WVIA documentary airs Monday
BY MICHAEL J. RUDOLF
Wyoming County Press Examiner
The final edits are being done on WVIA-TV’s documentary about Tunkhannock.
The program, ‘Our Town: Tunkhannock,’ is scheduled to be broadcast on Monday, Oct. 4, from 7 to 9 p.m.
“I think it’s going to be wonderful,” said Lisa Mazzarella, producer of the program.
Much of the program was videotaped by people who live and work in the Tunkhannock area, Mazzarella noted. They used their own cameras to record scenes and interviews that tell the story of their hometown.
“Every single one of the volunteer videographers took it very seriously,” Mazzarella said.
These recordings, augmented by some material shot by WVIA’s own personnel, are being edited into an hour-long program.
The documentary’s first broadcast is during the public television station’s fundraising drive. It will be interrupted a few times for the station to solicit contributions.
To tie that campaign into the program, Mazzarella said all of the volunteers who contributed to the project were invited to the studio in Pittston Township to answer phones during the pledge drive.
There are still a few openings for others who want to come down to volunteer at the premiere, Mazzarella said. Anyone who wants to help should call Amber Corson, the station’s volunteer coordinator, at 602-1123.
Volunteers should be at the studio by 6 p.m.
Mazzarella said she has seen a rough cut of the documentary, and is impressed by the production.
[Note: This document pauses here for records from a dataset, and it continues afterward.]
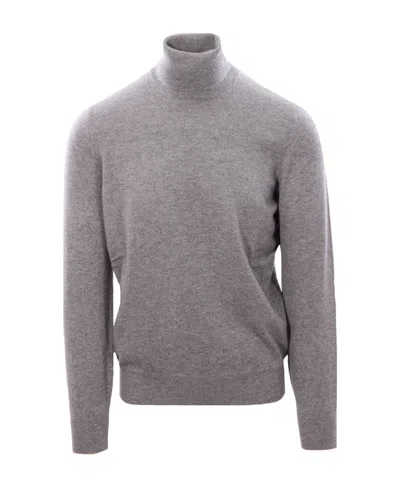 BRUNELLO CUCINELLI BRUNELLO CUCINELLI TURTLENECK LONG-SLEEVED JUMPER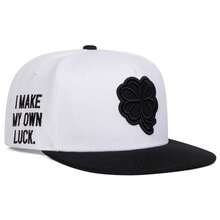 Gorra Hip Hop Unisex con Bordado Lateral de Trébol de Cuatro Hojas y Letras, Ajustable para Deporte al Aire Libre con Protección Solar, Ideal para Ocio, Viajes, Turismo, Playa y Vacaciones en Primavera y Otoño - Multicolor - Ver 9
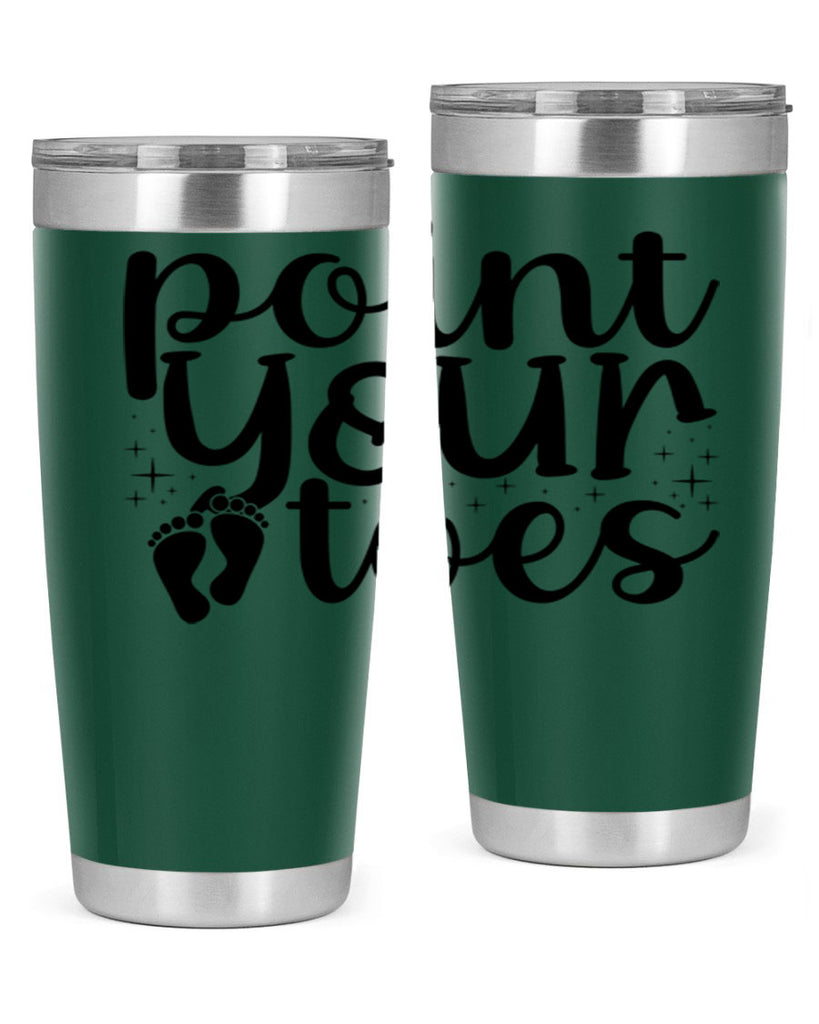 point your toes67#- ballet- Tumbler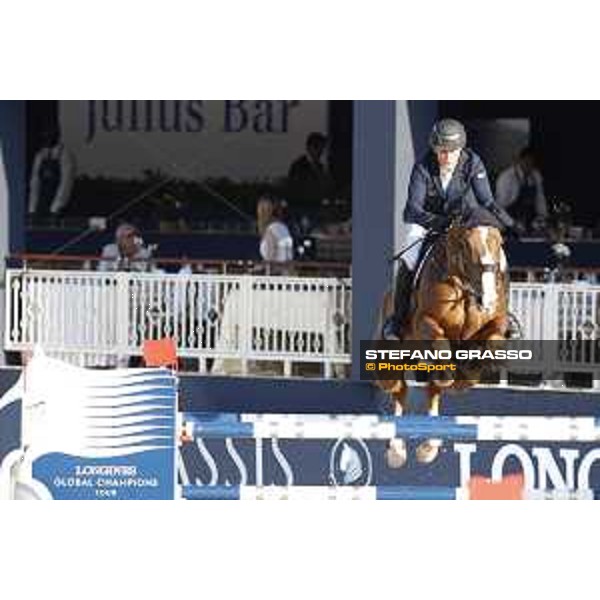 LGCT of St Tropez - Class 2 - Cameron Hanley (IRL) on EIS Isaura - St Tropez, Ramatulle beach - 31 May 2018 - ph.Stefano Grasso/LGCT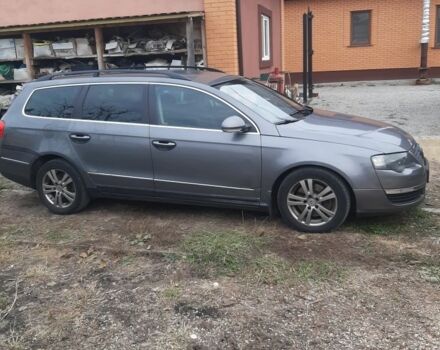 Серый Фольксваген Пассат Вариант, объемом двигателя 2 л и пробегом 270 тыс. км за 5100 $, фото 5 на Automoto.ua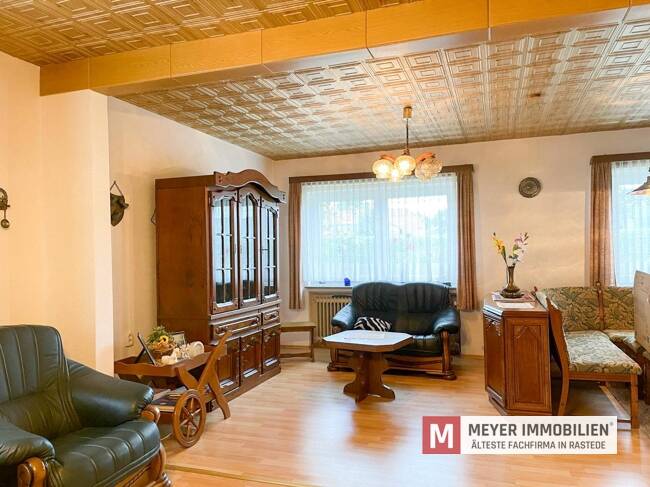 Geräumiges Einfamilienhaus mit Option auf sep. Dachgeschosswohnung in Hahn-Lehmden (Objnr.: 6522) 5 zimmer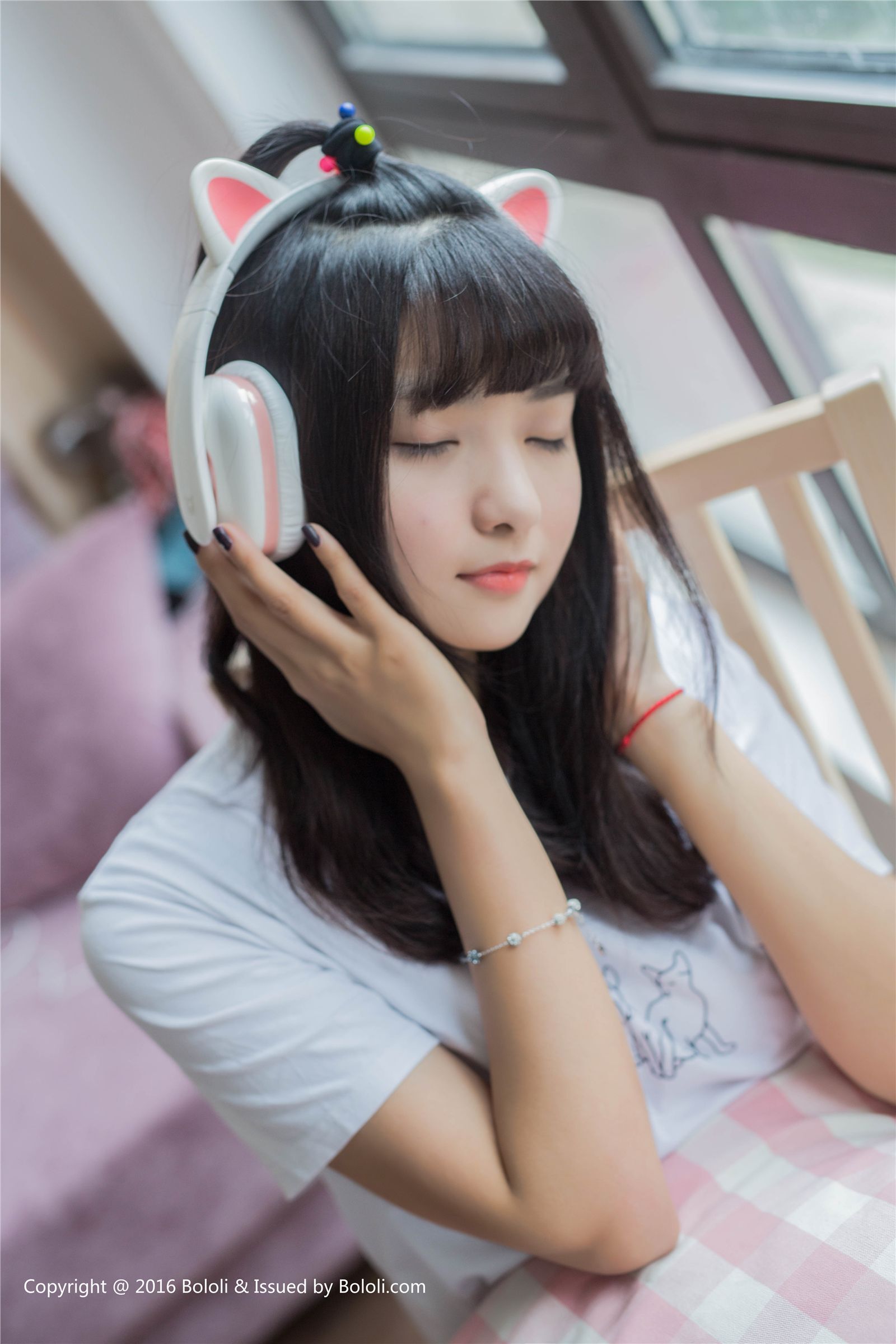 [Kimoe]激萌文化 2016-10-20 周闻 球球喵耳机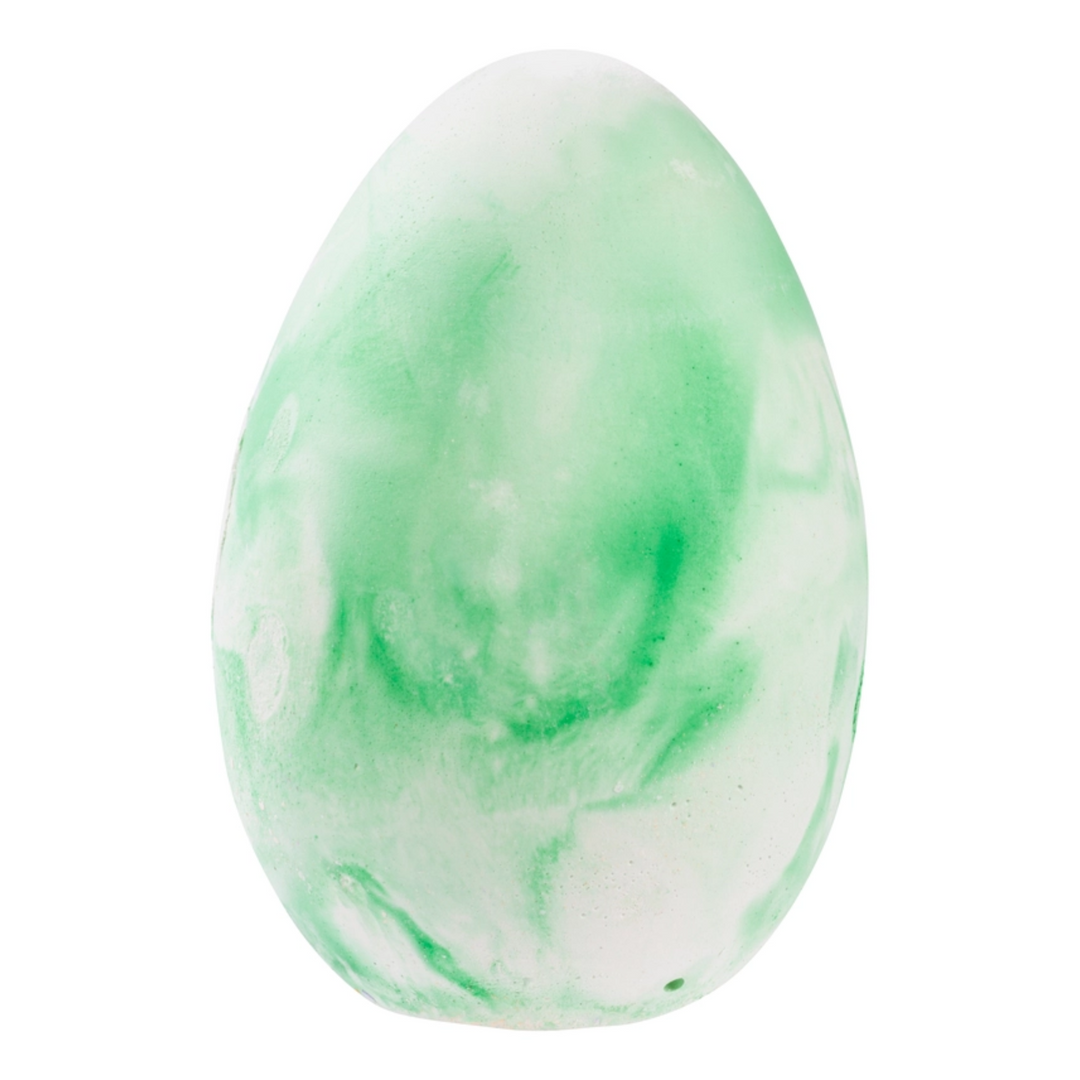 green Marbled Egg Chalk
She said it is evident that people in Tunkhannock value their community, and want to showcase it in the best way possible.
By working on the program, she said many people seemed to discover facets of the Tunkhannock area that they may have taken for granted.
“This project allowed them to stop and take a look back at their community in a different light,” she said.
During the WVIA staff’s several visits to Tunkhannock over the past two months, Mazzarella said she noticed that residents showed incredible enthusiasm for the project, and she believes once the program airs that will continue.
“I know for sure you’re going to see a resurgence in community pride,” she said.
The documentary is the second of a series of programs WVIA is producing on local communities.
The first was produced in Danville in the spring.
Once WVIA has completed its initial broadcasts of the documentary, it will be made available as a marketing tool to attract business and tourism.
“I cannot think of a better way to promote a community than to hear the voice of the people,” Mazzarella said.